- [TRY IT]: Without the pictures, retype exactly the lines from the top of the entries below through the line that contains "신종 코로나바이러스 감염증".

Items listed in a dataset
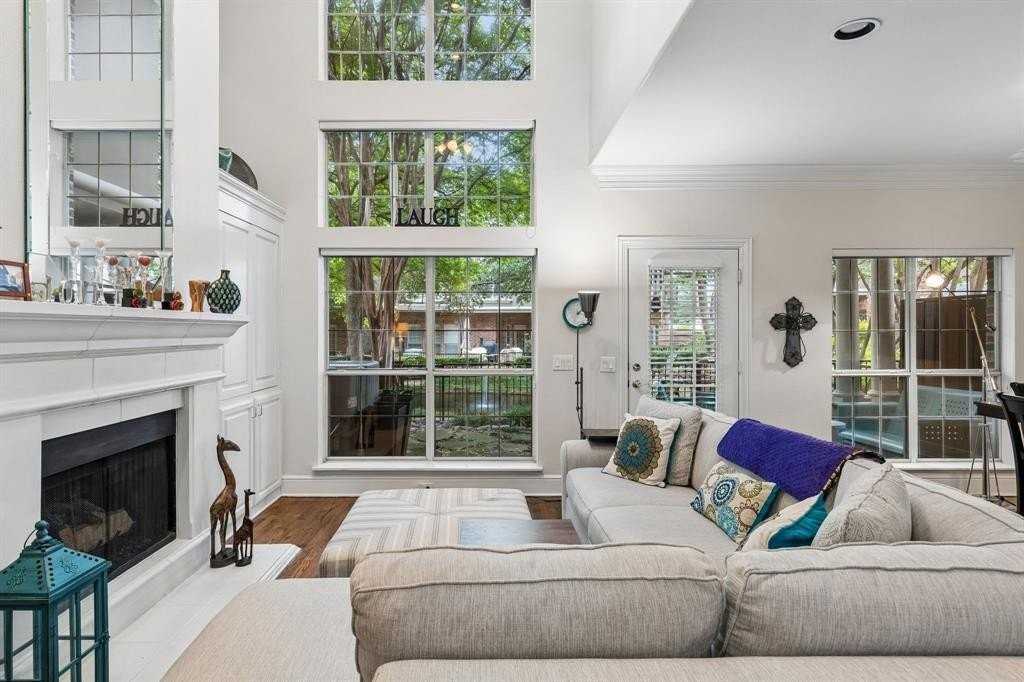 4147 Towne Green Cir - Photo 6 of 37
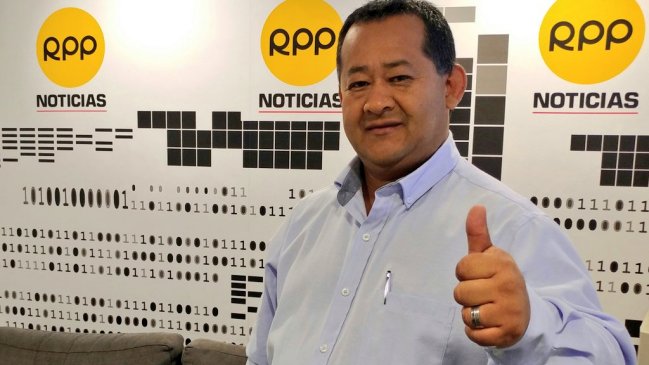 Congresista peruano: El Alzheimer se da en quienes estudian y leen mucho Congresista peruano: El Alzheimer se da en quienes estudian y leen mucho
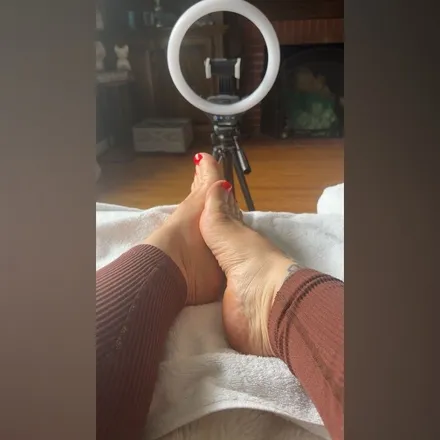 OnlyFans account  cocobellafeetz header 2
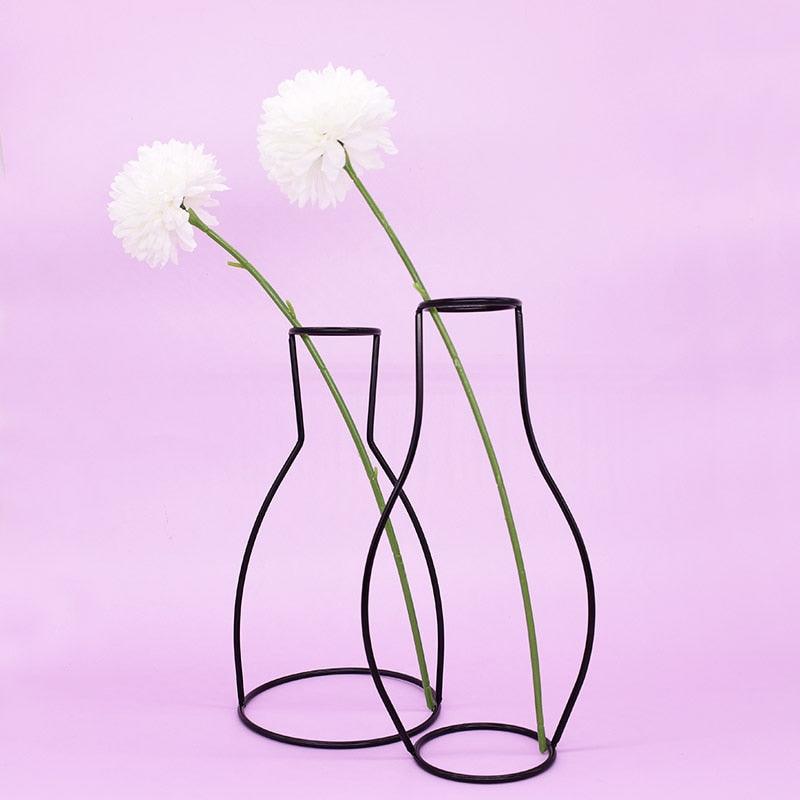 Wire Frame Vase ConnectRoom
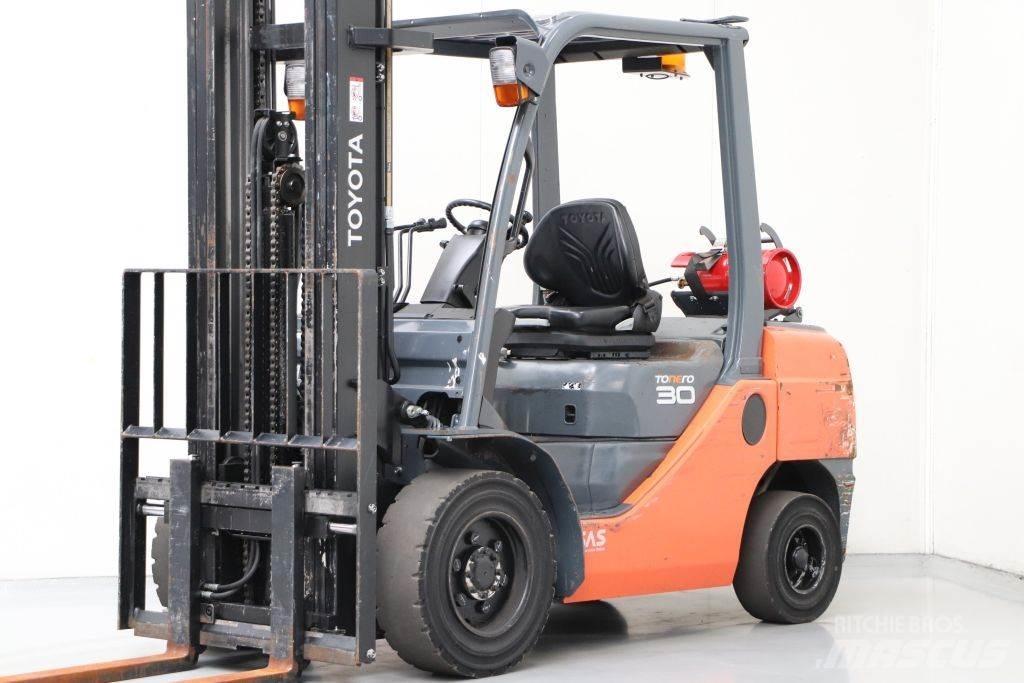 Toyota 02-8FGF30 LPG gaffeltrucks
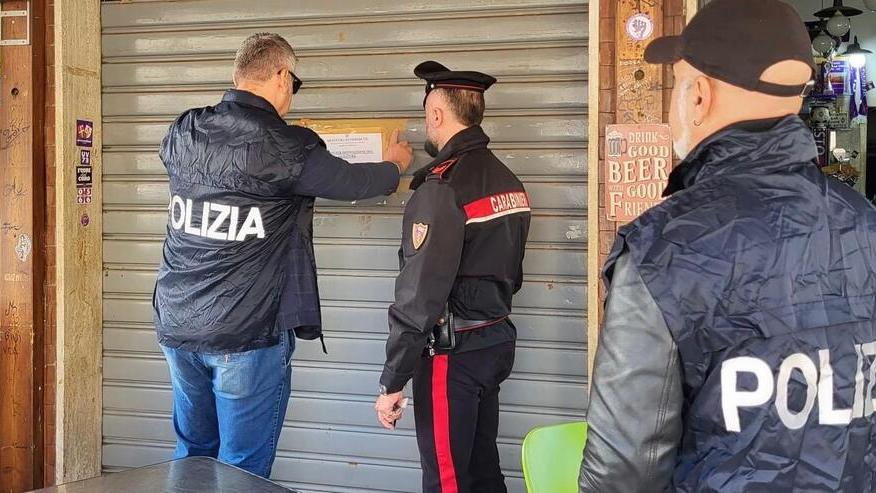 Le forze dell’ordine mettono i sigilli al bar Senzuno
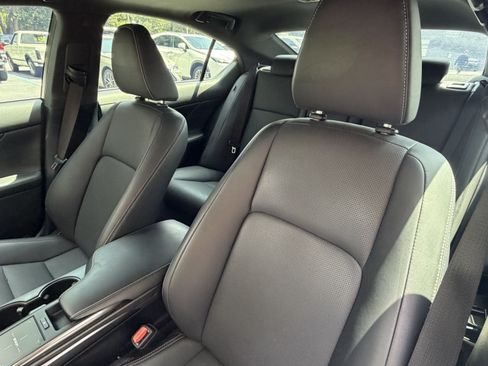 Used 2024 Lexus IS 350 F Sport RWD image 18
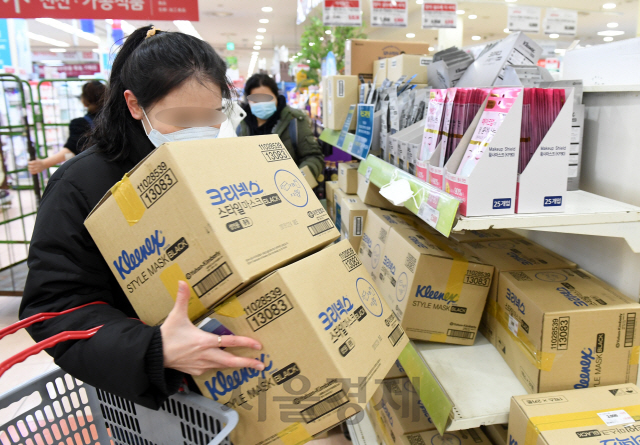 신종 코로나바이러스 감염증 확산이 우려되고 있는 3일 오후 서울 시내 한 대형마트에서 고객들이 마스크를 박스째 구매하고 있다./권욱기자 2020.2.3
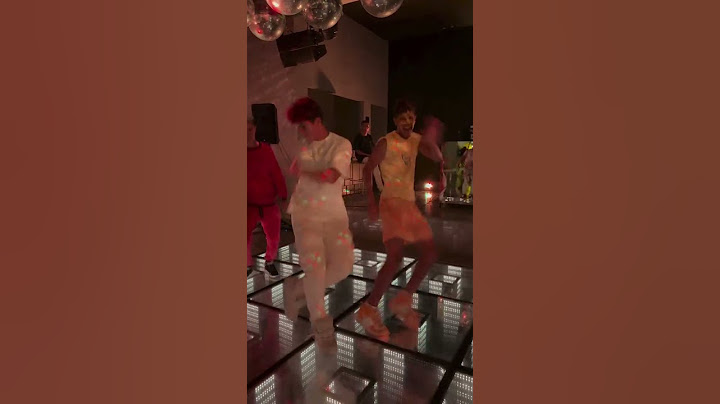 Leozinho e Void dançando na festa de aniversário do Léo #emillyvickof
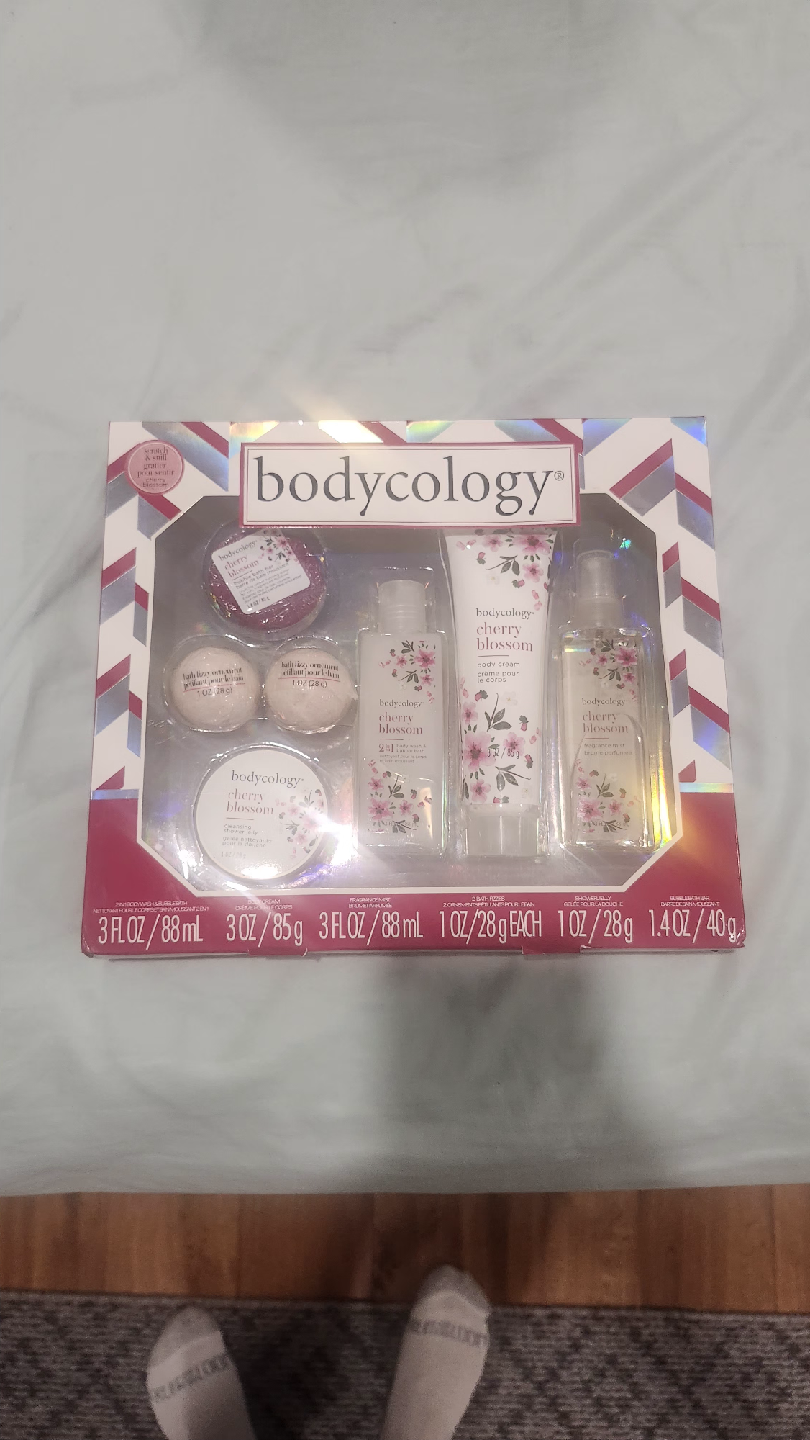 Bodycology Cherry Blossom 7 piece Gift Set
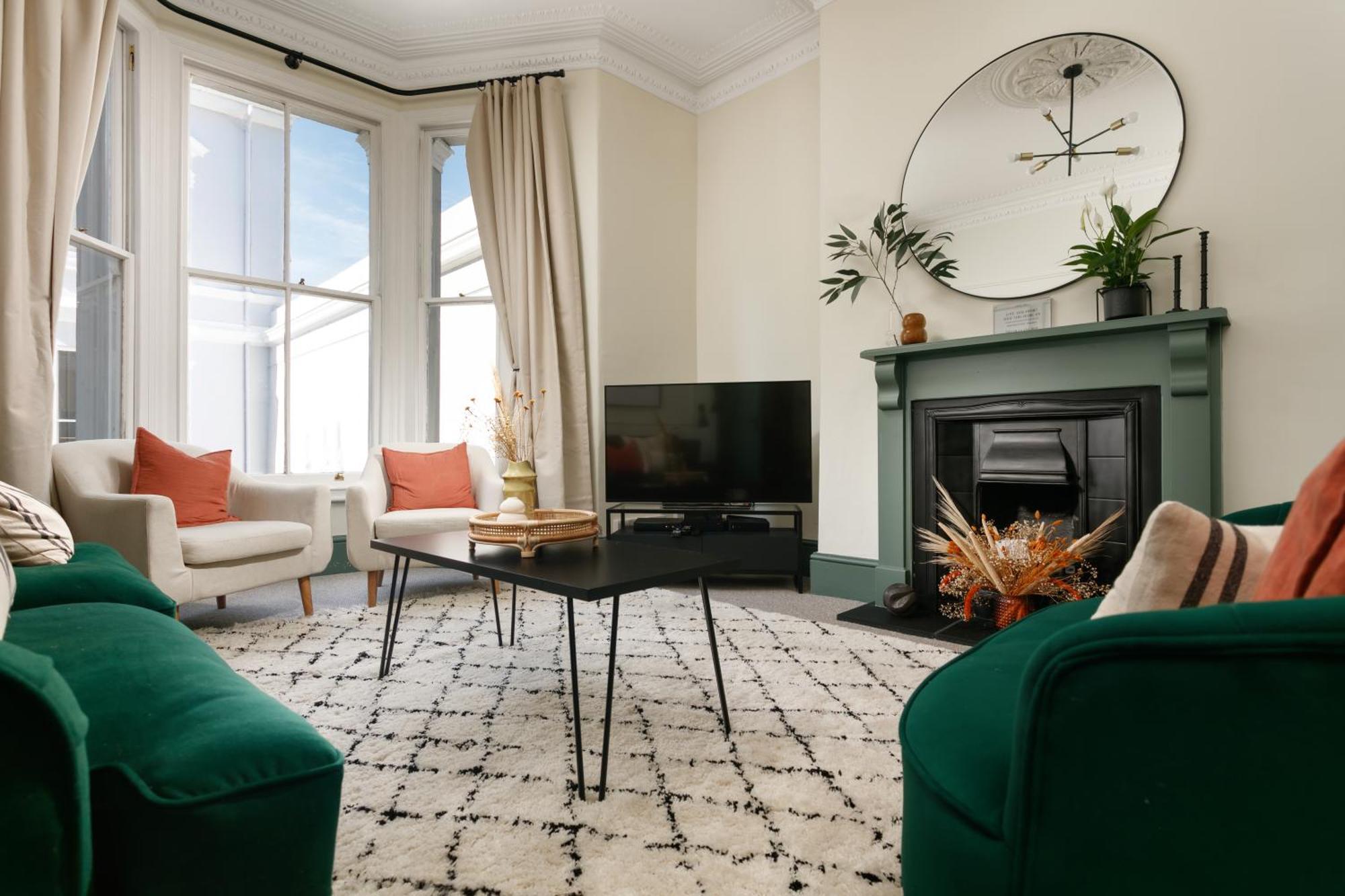 Hébergement de vacances New Luxury For 2024 - House - Sleeps 10 - Access To Town - Close To The Barbican - Pets Welcome - Parking Available - By Luxe Living By Sophia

- [RESPONSE AREA]:
 4147 Towne Green Cir - Photo 6 of 37
 Congresista peruano: El Alzheimer se da en quienes estudian y leen mucho Congresista peruano: El Alzheimer se da en quienes estudian y leen mucho
 OnlyFans account  cocobellafeetz header 2
 Wire Frame Vase ConnectRoom
 Toyota 02-8FGF30 LPG gaffeltrucks
 Le forze dell’ordine mettono i sigilli al bar Senzuno
 Used 2024 Lexus IS 350 F Sport RWD image 18
 신종 코로나바이러스 감염증 확산이 우려되고 있는 3일 오후 서울 시내 한 대형마트에서 고객들이 마스크를 박스째 구매하고 있다./권욱기자 2020.2.3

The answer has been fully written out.